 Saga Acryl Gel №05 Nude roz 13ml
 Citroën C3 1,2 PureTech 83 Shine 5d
---
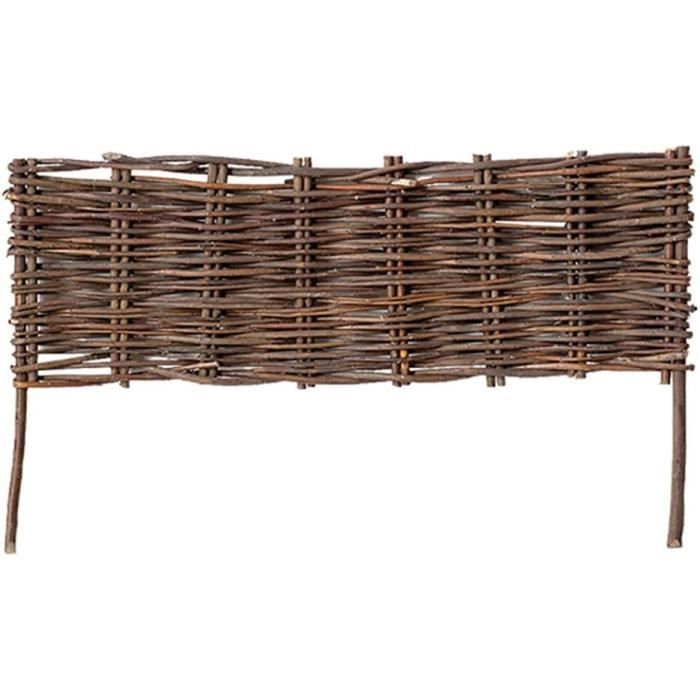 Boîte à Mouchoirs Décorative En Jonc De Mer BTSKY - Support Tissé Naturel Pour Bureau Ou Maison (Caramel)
* * *
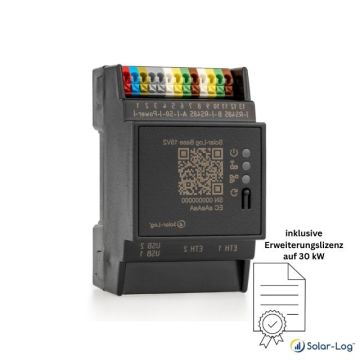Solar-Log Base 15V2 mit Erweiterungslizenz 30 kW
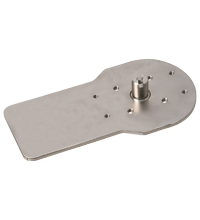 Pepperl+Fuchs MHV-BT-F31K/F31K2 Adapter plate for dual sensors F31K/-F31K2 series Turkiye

[TASK REQUIREMENTS]
Please copy the lines above from the line with "Saga Acryl Gel №05 Nude roz 13ml" up to and including the line with "Citroën C3 1,2 PureTech 83 Shine 5d", exactly as written and with nothing else.

[TASK RESPONSE]
 Saga Acryl Gel №05 Nude roz 13ml
 Citroën C3 1,2 PureTech 83 Shine 5d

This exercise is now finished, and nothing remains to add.